* WORK TASK *
The records below must be returned in full and unaltered.

** RECORD SET follows **

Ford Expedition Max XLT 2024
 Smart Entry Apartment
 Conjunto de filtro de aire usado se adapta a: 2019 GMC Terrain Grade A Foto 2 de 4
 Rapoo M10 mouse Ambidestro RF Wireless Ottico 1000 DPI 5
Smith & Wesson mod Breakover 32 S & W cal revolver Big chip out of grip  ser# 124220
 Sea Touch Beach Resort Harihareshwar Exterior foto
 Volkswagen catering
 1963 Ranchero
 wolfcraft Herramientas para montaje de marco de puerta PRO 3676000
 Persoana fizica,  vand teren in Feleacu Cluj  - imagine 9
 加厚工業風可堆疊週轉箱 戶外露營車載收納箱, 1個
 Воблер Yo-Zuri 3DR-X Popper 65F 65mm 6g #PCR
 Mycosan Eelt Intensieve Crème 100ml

** End of RECORD SET **

* RESULT OF THIS EXERCISE *
Ford Expedition Max XLT 2024
 Smart Entry Apartment
 Conjunto de filtro de aire usado se adapta a: 2019 GMC Terrain Grade A Foto 2 de 4
 Rapoo M10 mouse Ambidestro RF Wireless Ottico 1000 DPI 5
Smith & Wesson mod Breakover 32 S & W cal revolver Big chip out of grip  ser# 124220
 Sea Touch Beach Resort Harihareshwar Exterior foto
 Volkswagen catering
 1963 Ranchero
 wolfcraft Herramientas para montaje de marco de puerta PRO 3676000
 Persoana fizica,  vand teren in Feleacu Cluj  - imagine 9
 加厚工業風可堆疊週轉箱 戶外露營車載收納箱, 1個
 Воблер Yo-Zuri 3DR-X Popper 65F 65mm 6g #PCR
 Mycosan Eelt Intensieve Crème 100ml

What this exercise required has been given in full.